ナミビア政府から干ばつ救済援助などわずかな現金が入るものの、メインは遊牧。男性が家畜の世話をしたり家を建てたりを行い、女性は水汲みや薪の採集、食事作りなど家回りの仕事を行って暮らしています。女性たちはほかの女性の子育てを手伝い、孤児や未亡人も世話を受けられるとのことで、どこかの国よりよっぽど安心できる社会かも…。一夫多妻制で、女性は父親が選んだ相手と結婚します。結婚の際に花婿の家から花嫁の家に牛が贈られるという慣習は、日本で言えば結納ですよね。

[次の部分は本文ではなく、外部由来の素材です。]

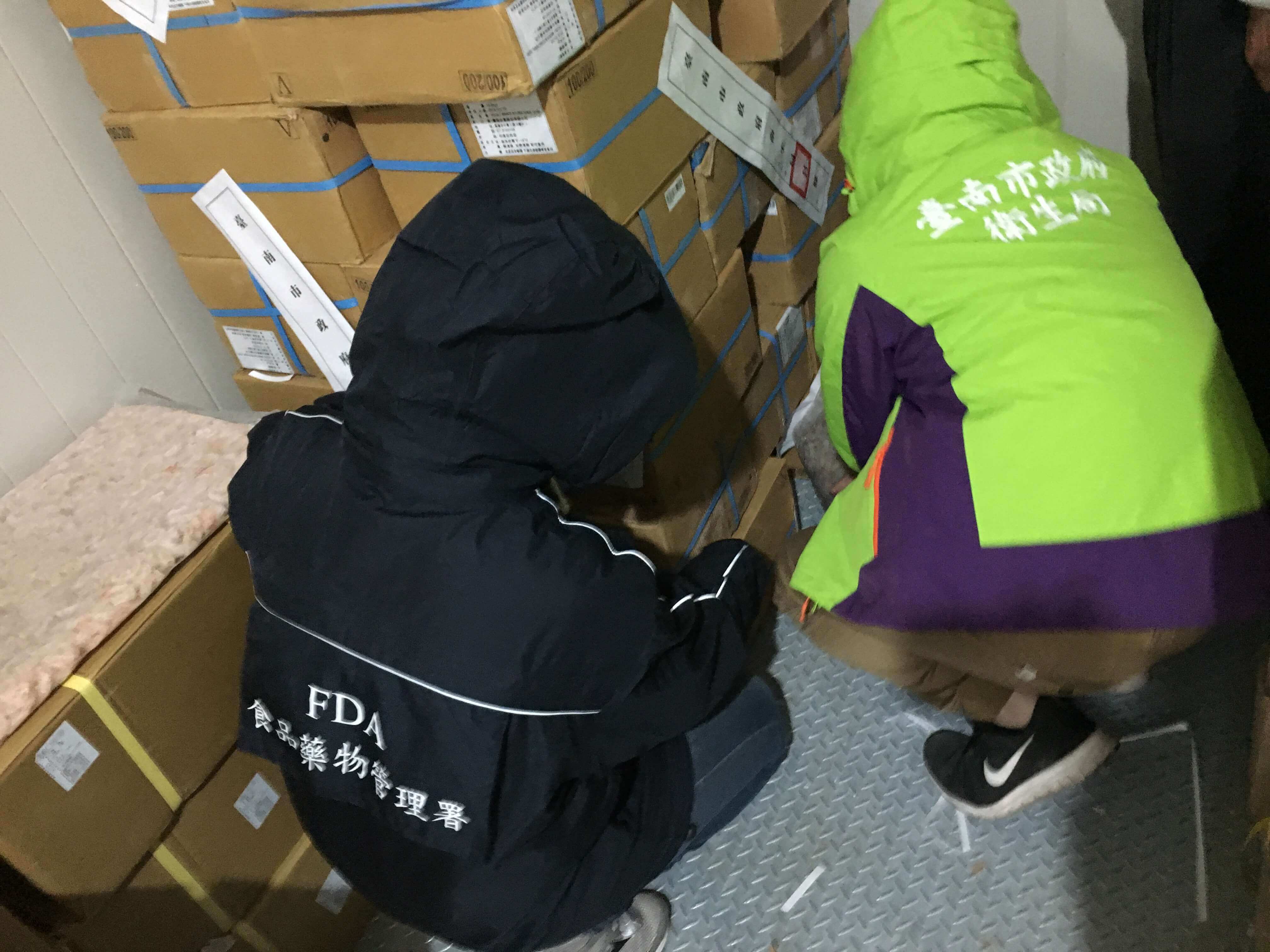 食藥署與檢警合作打擊食安犯罪-查獲「浚O實業有限公司」及「浚O商行」涉嫌竄改逾期冷凍水產品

ヒンバ族の髪や肌は赤みがかって見えますが、これは乳脂肪と黄土色の顔料を混ぜたオチゼという化粧品を全身に塗っているからです。皮膚を清潔に保ったり虫除けの効果もあるそうで、おしゃれだけでなく効能的にもその土地にふさわしい一石二鳥のペーストです。
上の写真のように、思春期の男の子は一本、女の子はオチゼを塗った髪を何本も三つ編みにします。結婚して1年経過した女性・子供がいる女性はさらにエレンベと呼ばれる羊の皮でできた華やかな飾りをつけます。既婚男性は髪を編まずに帽子をかぶり、もし奥さんに先立たれると帽子を脱いで編まない髪を出したままにするというので、その人の婚姻状況が一目でわかるようになってるんですね。水が少ない地域なので、木の灰で髪を洗うんだそうです。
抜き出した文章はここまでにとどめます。